Violet Grey is a Los Angeles based luxury beauty products retailer and content site founded in 2013 by Cassandra Grey. The company combines magazine style content and shopping for beauty products.

Violet Grey hosts a magazine style blog called the Violet Files, where beauty insiders and celebrities discuss the products they use. In March 2021 this was presented as a 16-question interview with Virgil Abloh

== History ==
Violet Grey was acquired by Farfetch in 2022. In September 2024, the company returned to founder-led ownership when Cassandra Grey reacquired the company alongside private equity investor Sherif Guirgis, who assumed the roles of Chairman and Chief Executive Officer.

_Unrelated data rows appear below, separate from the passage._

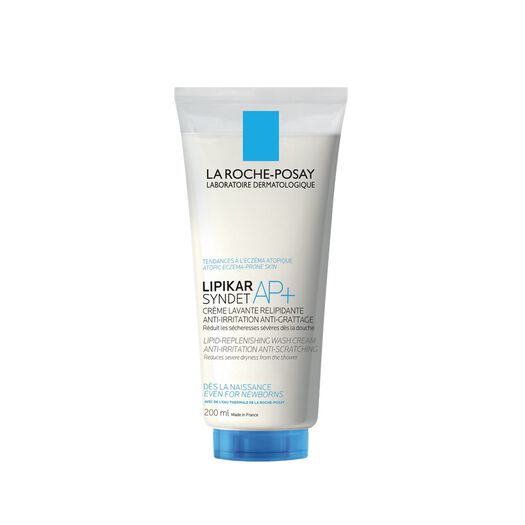 Lipikar Syndet Ap+ 200Ml One Shot, , large image number 0
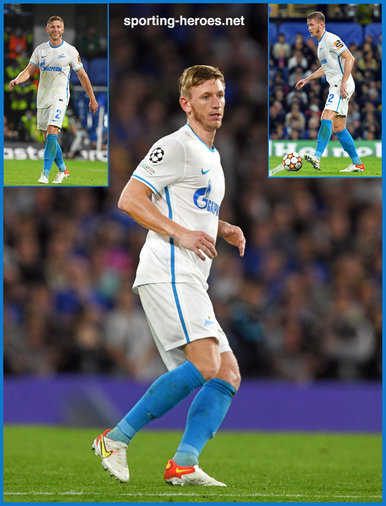 Dmitriy CHRISTYAKOV - Zenit St Petersburg - 2021-2022 Champions League.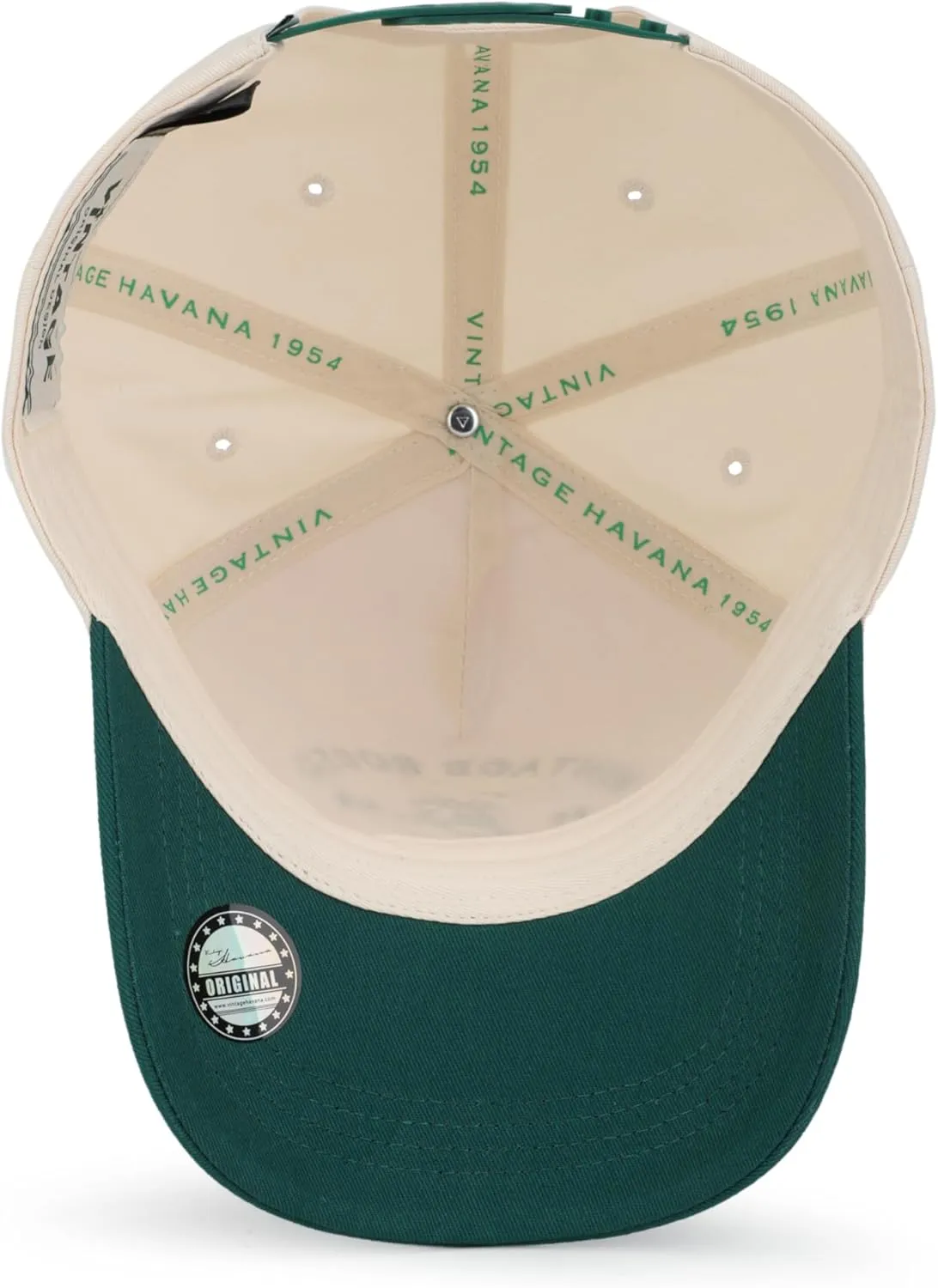 Vintage Havana Trucker Hats Women & Men | Western Retro Snapback Hat | Cute Trendy Fashion Baseball Cap | Tan Green Brown Red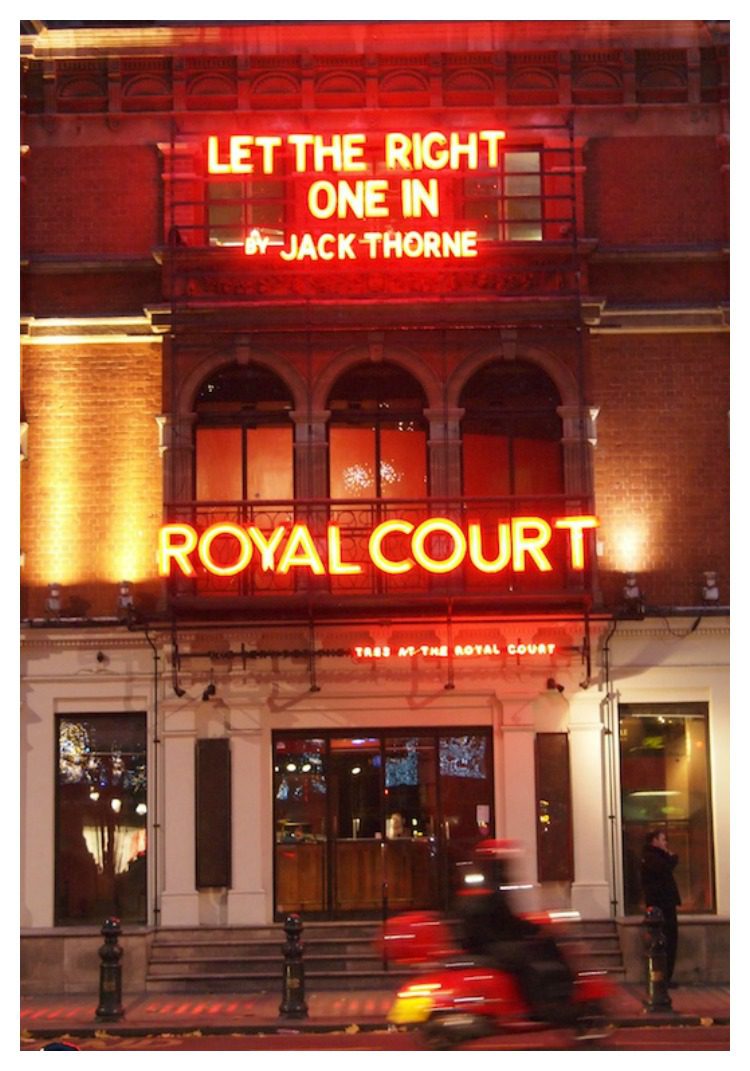 Royal Court, London - Vicki Archer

In early 2025, Violet Grey completed the acquisition of The Detox Market, a curated clean beauty retailer with locations in the U.S. and Canada.

The company opened a flagship store on Madison Avenue in New York City in June 2025 and established a shop-in-shop at the luxury retailer Hirshleifers in Manhasset, New York.

In April 2026, Violet Grey announced its UK launch, including an experiential installation at British department store Harvey Nichols.

== Collaborations ==
Violet Grey has partnered with Jasmine Tookes, Melanie Griffith, January Jones, Kim Kardashian, and Rosie Huntington-Whiteley.

Emma Roberts had a Violet Grey photoshoot when she was six months pregnant.